■ WORK INSTRUCTION ■
Your reply should be an exact copy of every entry, with the pictures removed.

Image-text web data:
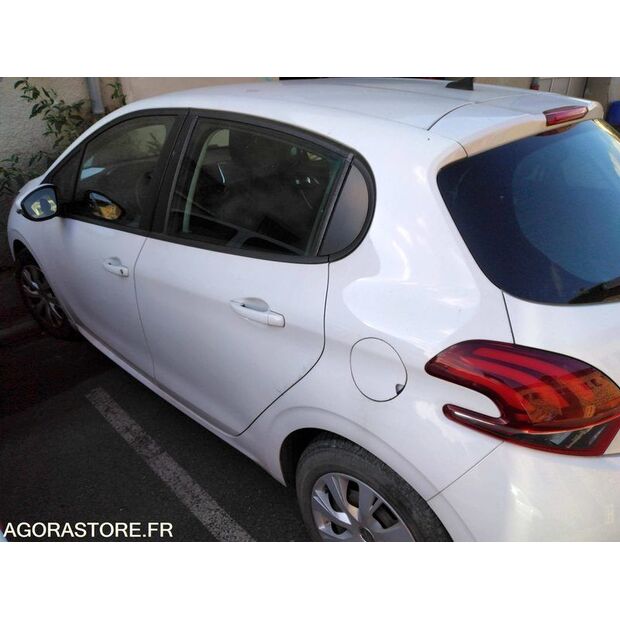 2016 بيجو 208-44137614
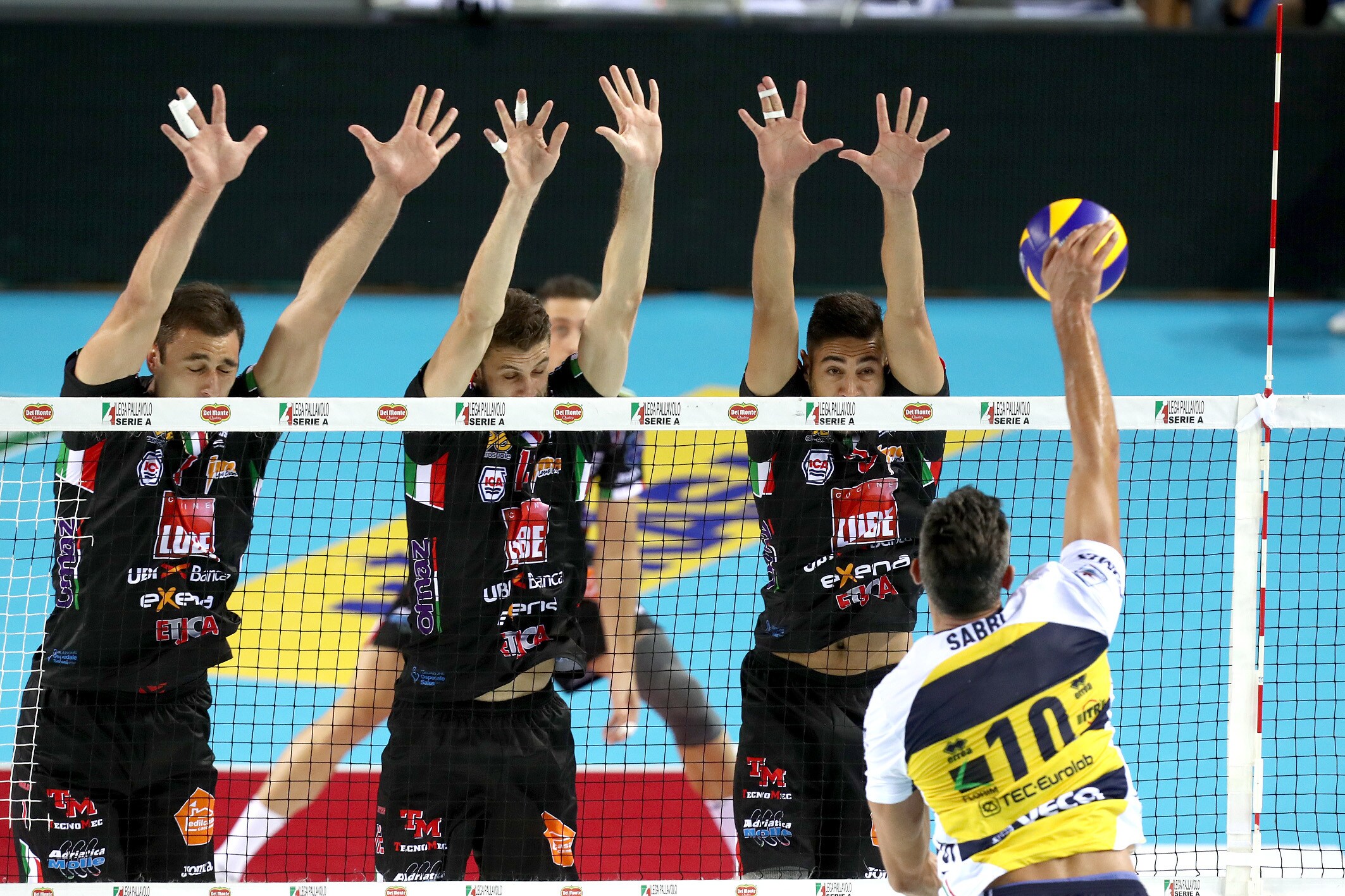 Volley: Superlega, nella 6a giornata spicca la sfida fra Azimut e Lube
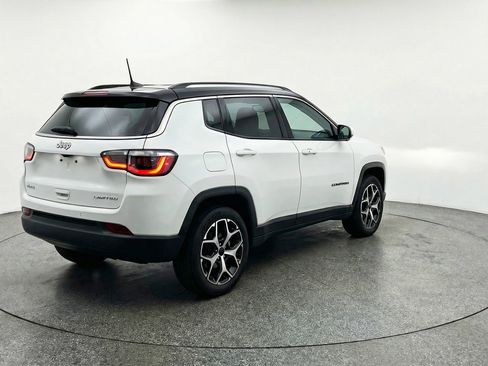 Used 2025 Jeep Compass Limited image 9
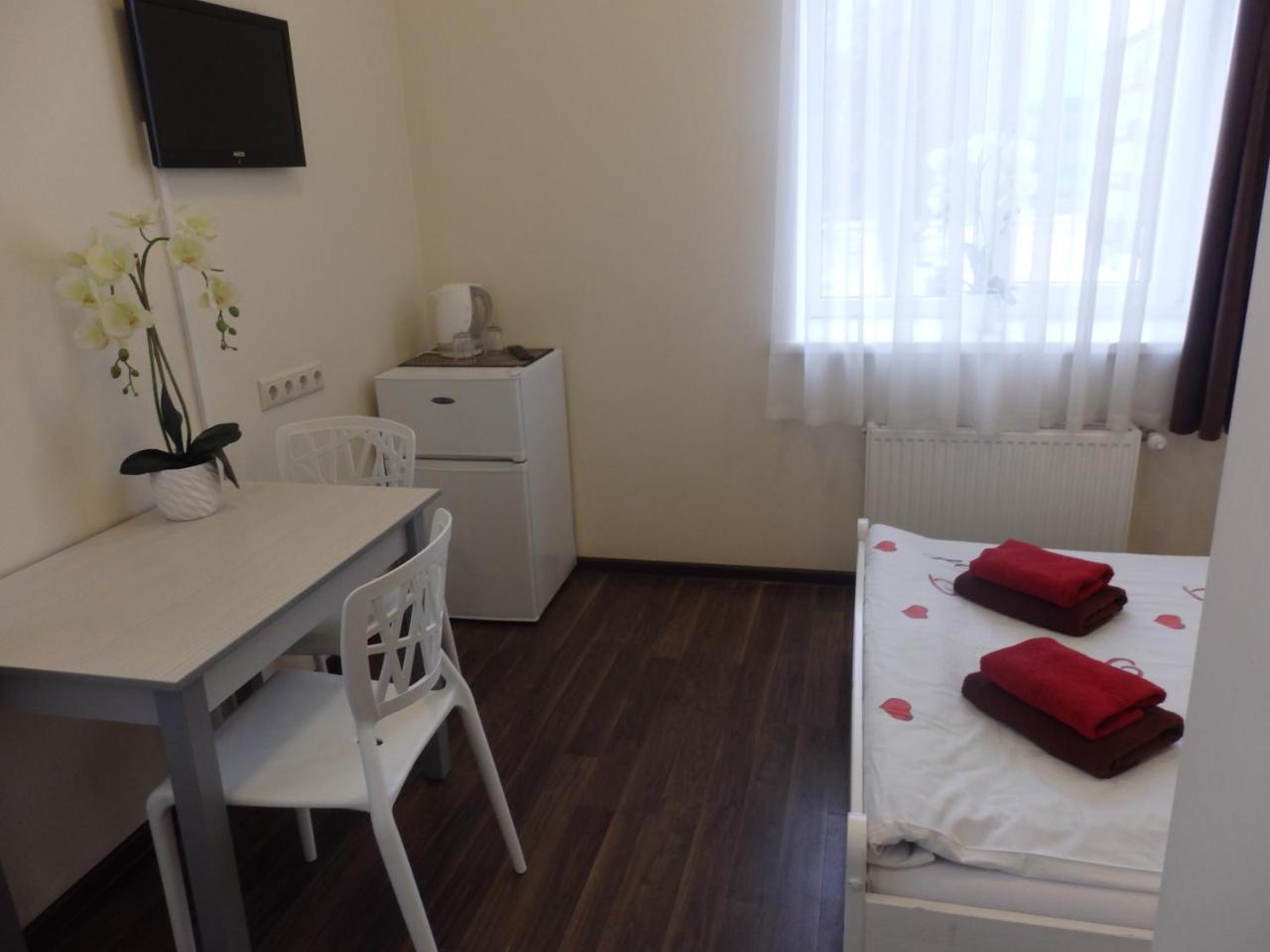 Happy Hotel Рига Екстериор снимка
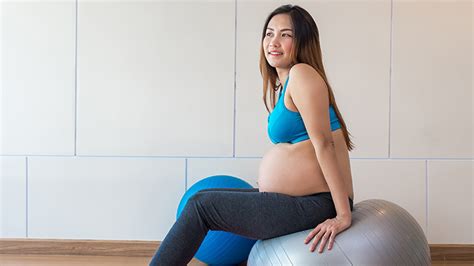 Week By Week Workout Tips Third Trimester What To Expect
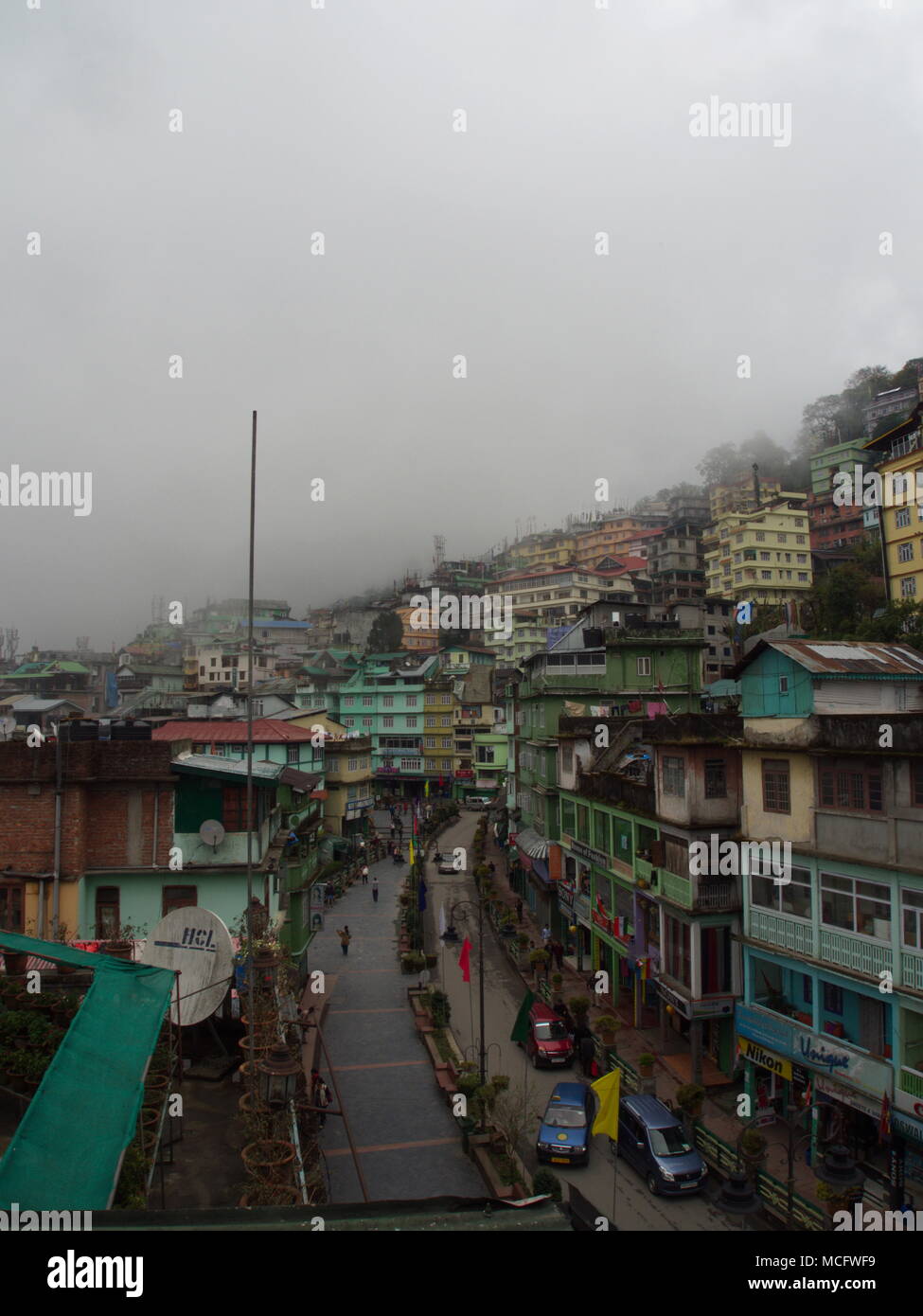 Gangtok, Sikkim, Inde, 17 avril 2011 : La vue sur le centre-ville de Gangtok. Gangtok est la capitale de l'état du Sikkim en Inde. Banque D'Images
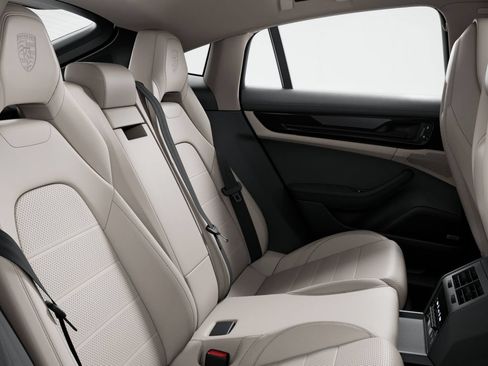 Certified 2025 Porsche Panamera 4 AWD/4WD image 6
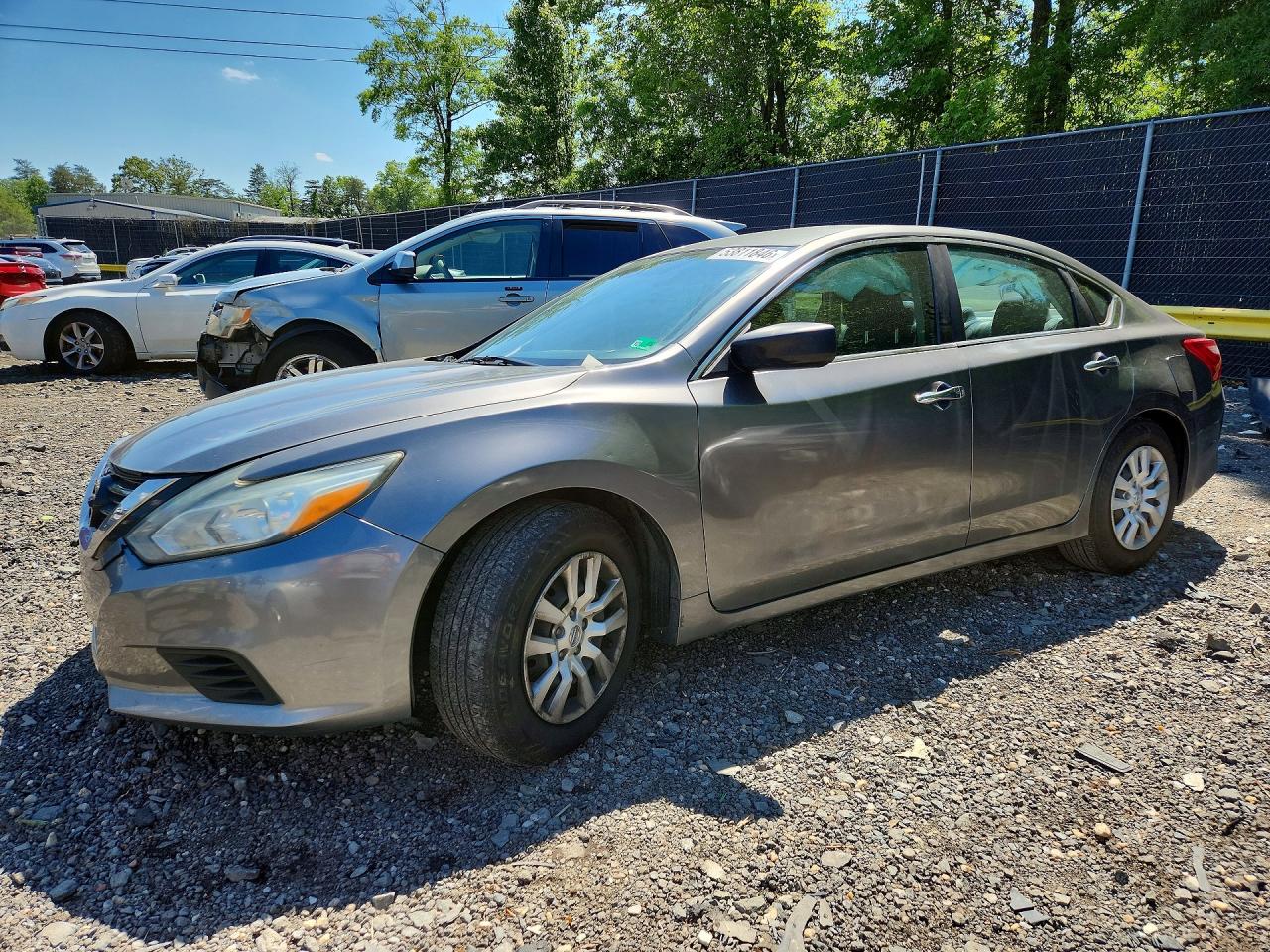 Salvage Nissan Altima Image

■ TASK ANSWER ■
 2016 بيجو 208-44137614
 Volley: Superlega, nella 6a giornata spicca la sfida fra Azimut e Lube
 Used 2025 Jeep Compass Limited image 9
 Happy Hotel Рига Екстериор снимка
 Week By Week Workout Tips Third Trimester What To Expect
 Gangtok, Sikkim, Inde, 17 avril 2011 : La vue sur le centre-ville de Gangtok. Gangtok est la capitale de l'état du Sikkim en Inde. Banque D'Images
 Certified 2025 Porsche Panamera 4 AWD/4WD image 6
 Salvage Nissan Altima Image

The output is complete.